When you reach the line containing "Respect between old friends. 🤝" in the entries below, start writing out each line exactly, and stop after the line containing "От ТЕЦ-а към".

(Stored dataset items)

------

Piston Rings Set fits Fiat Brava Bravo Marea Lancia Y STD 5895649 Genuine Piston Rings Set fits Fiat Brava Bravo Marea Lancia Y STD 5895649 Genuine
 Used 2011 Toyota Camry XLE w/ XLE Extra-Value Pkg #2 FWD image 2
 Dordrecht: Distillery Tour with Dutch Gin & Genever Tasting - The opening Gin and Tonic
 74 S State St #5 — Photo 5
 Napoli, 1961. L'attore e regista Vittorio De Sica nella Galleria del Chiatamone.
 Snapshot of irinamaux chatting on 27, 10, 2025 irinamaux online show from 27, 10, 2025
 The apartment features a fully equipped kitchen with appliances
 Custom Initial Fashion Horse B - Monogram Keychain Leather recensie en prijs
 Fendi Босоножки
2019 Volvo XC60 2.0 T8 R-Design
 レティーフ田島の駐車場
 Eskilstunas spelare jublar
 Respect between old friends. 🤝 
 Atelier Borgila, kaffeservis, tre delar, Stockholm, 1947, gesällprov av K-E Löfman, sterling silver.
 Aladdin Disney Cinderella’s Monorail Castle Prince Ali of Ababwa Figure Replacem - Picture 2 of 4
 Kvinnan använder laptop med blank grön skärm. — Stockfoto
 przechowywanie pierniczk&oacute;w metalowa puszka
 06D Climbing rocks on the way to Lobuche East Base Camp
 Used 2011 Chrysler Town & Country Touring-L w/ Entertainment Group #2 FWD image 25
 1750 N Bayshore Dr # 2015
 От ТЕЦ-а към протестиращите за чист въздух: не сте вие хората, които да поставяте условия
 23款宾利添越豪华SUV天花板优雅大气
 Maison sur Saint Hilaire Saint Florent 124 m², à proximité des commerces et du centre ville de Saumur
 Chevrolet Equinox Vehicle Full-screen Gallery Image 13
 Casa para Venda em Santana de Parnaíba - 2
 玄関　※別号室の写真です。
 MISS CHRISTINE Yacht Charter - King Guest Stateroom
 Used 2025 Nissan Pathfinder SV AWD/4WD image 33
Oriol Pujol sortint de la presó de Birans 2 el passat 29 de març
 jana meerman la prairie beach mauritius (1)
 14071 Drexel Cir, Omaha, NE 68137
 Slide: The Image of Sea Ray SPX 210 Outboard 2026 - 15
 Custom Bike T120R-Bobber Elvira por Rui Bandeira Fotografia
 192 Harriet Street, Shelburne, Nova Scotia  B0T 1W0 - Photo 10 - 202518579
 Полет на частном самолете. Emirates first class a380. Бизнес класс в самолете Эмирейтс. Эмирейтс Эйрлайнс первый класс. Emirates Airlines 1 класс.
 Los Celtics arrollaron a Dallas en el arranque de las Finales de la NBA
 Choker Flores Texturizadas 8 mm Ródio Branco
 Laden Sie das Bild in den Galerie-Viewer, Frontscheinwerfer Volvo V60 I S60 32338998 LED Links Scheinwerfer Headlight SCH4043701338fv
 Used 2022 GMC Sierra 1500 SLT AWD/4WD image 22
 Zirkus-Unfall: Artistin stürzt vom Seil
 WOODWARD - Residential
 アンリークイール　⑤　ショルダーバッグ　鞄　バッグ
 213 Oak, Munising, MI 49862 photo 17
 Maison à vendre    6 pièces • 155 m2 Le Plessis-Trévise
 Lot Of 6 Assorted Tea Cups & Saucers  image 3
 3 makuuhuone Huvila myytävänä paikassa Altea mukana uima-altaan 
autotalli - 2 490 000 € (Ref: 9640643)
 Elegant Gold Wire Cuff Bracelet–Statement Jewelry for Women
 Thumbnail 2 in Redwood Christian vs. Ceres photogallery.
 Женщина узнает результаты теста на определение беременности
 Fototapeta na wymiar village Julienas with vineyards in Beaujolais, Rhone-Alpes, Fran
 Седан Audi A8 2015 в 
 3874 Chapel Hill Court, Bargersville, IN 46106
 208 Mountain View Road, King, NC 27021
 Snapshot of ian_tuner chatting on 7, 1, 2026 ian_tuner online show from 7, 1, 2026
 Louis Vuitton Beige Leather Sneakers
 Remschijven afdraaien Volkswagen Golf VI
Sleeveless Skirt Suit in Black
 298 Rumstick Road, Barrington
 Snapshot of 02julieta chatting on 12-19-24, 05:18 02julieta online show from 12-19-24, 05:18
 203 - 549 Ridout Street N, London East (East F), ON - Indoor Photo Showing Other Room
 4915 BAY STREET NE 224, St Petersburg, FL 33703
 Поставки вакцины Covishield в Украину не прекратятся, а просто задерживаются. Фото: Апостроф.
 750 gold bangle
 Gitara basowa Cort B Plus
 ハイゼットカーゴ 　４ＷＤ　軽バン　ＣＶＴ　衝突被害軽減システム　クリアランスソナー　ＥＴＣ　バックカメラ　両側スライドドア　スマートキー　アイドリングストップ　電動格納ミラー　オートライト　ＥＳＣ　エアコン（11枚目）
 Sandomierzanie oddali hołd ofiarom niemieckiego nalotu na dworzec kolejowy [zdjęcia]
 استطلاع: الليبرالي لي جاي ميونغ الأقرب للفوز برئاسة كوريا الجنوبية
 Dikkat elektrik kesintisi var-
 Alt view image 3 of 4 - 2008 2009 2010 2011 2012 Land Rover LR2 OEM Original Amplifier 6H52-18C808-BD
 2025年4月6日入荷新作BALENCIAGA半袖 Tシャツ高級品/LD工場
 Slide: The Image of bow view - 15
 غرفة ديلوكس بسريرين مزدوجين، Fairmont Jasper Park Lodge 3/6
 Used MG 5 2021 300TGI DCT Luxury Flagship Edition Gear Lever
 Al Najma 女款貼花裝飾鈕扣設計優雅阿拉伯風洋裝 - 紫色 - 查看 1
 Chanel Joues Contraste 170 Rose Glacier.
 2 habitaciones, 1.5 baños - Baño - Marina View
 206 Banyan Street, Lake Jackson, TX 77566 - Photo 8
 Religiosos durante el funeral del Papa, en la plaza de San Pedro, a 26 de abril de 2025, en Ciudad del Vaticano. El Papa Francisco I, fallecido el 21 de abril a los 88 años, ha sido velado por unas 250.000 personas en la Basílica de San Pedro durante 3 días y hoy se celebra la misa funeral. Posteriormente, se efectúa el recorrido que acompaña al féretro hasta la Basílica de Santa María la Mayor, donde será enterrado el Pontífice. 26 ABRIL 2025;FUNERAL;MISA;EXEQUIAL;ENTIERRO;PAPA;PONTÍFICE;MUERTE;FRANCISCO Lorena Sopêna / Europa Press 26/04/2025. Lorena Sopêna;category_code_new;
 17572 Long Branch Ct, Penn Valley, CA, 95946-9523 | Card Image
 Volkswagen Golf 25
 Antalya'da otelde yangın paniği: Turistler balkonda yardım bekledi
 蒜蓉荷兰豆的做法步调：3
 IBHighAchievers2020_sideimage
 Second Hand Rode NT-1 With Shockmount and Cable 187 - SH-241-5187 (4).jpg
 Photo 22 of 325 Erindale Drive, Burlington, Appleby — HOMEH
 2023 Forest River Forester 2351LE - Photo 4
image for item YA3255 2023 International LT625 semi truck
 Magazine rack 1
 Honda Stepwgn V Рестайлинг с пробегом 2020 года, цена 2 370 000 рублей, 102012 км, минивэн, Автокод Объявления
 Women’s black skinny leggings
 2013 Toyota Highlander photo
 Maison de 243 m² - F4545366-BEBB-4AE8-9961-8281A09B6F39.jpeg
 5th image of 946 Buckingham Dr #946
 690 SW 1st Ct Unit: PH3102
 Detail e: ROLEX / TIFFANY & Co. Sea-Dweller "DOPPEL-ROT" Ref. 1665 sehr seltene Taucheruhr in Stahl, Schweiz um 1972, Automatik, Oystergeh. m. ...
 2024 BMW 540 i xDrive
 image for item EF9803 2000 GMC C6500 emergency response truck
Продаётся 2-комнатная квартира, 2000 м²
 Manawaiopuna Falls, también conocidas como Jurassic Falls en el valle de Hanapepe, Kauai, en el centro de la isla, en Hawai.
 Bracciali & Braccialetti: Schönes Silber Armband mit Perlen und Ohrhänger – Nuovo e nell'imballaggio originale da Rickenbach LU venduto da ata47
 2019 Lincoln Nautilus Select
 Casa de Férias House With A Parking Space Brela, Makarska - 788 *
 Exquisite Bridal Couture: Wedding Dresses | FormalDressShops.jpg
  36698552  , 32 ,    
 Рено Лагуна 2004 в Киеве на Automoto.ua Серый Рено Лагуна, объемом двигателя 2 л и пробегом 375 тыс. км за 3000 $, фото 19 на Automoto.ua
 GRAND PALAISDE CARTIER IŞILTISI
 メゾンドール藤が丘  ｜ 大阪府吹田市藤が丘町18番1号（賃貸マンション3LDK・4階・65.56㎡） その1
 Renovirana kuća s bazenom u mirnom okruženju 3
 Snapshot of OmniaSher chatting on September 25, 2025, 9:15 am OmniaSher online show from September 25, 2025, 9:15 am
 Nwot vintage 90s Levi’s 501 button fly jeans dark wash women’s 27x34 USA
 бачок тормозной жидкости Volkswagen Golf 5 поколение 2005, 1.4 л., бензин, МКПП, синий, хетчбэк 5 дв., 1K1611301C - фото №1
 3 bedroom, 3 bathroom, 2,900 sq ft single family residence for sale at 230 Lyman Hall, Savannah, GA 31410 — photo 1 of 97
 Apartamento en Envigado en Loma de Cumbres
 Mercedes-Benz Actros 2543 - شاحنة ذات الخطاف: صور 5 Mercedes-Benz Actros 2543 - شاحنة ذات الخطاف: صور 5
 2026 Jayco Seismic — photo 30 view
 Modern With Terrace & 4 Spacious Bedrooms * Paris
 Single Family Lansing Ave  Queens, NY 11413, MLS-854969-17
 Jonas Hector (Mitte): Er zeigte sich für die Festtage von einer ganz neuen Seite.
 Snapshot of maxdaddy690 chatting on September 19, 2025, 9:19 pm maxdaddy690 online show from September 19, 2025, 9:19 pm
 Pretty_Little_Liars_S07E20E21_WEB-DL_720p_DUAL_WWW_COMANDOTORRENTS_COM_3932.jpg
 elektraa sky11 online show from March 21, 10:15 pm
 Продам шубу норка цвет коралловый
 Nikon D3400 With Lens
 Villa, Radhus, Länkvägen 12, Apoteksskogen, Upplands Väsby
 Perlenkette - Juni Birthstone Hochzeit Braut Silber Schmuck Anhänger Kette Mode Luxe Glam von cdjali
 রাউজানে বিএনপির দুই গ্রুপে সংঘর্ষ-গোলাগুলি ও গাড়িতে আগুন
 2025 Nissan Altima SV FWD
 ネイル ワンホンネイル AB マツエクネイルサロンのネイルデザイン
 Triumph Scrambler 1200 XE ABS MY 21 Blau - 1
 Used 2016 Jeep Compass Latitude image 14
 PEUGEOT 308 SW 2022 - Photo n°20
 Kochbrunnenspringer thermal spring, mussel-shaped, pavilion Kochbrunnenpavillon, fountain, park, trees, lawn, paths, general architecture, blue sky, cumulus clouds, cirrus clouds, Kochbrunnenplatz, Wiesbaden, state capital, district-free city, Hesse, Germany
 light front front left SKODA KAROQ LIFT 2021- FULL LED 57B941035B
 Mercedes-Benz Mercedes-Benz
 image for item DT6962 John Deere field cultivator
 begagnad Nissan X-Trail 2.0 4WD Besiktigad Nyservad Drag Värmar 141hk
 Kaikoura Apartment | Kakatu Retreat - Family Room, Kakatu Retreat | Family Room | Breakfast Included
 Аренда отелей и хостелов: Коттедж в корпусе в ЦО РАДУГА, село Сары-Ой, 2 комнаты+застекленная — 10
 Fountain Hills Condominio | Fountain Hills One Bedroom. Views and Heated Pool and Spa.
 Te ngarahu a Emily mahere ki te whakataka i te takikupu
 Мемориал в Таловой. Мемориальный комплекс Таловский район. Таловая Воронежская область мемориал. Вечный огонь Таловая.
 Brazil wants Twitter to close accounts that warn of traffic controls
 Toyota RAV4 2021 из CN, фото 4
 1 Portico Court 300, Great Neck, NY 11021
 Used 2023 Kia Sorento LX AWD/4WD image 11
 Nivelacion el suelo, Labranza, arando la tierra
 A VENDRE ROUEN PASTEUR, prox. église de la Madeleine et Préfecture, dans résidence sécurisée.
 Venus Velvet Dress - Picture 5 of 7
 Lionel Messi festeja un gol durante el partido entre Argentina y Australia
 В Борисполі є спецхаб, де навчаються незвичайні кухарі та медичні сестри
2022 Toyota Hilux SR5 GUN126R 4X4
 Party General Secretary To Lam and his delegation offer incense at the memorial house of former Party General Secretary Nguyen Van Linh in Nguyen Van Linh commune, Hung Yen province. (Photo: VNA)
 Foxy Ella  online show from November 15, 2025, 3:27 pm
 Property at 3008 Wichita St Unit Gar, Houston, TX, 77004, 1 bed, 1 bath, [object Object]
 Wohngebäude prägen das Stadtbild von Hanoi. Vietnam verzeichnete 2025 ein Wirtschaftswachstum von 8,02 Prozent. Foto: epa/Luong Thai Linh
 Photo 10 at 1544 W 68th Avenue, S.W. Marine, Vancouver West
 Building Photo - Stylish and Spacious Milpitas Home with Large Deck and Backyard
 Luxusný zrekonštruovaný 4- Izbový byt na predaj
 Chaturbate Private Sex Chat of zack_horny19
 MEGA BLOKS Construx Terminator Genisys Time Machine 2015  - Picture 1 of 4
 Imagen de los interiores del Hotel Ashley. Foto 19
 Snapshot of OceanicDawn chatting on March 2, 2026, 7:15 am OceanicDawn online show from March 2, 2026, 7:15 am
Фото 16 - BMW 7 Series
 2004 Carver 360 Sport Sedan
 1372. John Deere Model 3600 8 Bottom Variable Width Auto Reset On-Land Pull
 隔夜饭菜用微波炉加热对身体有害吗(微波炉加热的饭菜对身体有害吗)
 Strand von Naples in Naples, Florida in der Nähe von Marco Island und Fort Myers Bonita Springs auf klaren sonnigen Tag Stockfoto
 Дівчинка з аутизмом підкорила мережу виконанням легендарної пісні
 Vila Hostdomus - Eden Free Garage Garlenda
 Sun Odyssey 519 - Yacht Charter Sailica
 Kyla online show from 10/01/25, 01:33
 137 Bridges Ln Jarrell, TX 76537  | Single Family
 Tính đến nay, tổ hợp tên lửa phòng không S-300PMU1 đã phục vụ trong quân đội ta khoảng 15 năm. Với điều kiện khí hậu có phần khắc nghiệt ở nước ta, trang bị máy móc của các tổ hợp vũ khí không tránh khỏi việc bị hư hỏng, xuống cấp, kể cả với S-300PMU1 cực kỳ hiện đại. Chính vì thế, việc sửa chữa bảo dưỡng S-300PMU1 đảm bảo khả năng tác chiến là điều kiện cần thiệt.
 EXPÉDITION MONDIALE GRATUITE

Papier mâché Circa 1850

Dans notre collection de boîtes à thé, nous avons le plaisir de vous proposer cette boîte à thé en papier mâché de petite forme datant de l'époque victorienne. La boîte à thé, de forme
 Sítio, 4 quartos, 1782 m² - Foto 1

------

**Task output:**
 Respect between old friends. 🤝 
 Atelier Borgila, kaffeservis, tre delar, Stockholm, 1947, gesällprov av K-E Löfman, sterling silver.
 Aladdin Disney Cinderella’s Monorail Castle Prince Ali of Ababwa Figure Replacem - Picture 2 of 4
 Kvinnan använder laptop med blank grön skärm. — Stockfoto
 przechowywanie pierniczk&oacute;w metalowa puszka
 06D Climbing rocks on the way to Lobuche East Base Camp
 Used 2011 Chrysler Town & Country Touring-L w/ Entertainment Group #2 FWD image 25
 1750 N Bayshore Dr # 2015
 От ТЕЦ-а към протестиращите за чист въздух: не сте вие хората, които да поставяте условия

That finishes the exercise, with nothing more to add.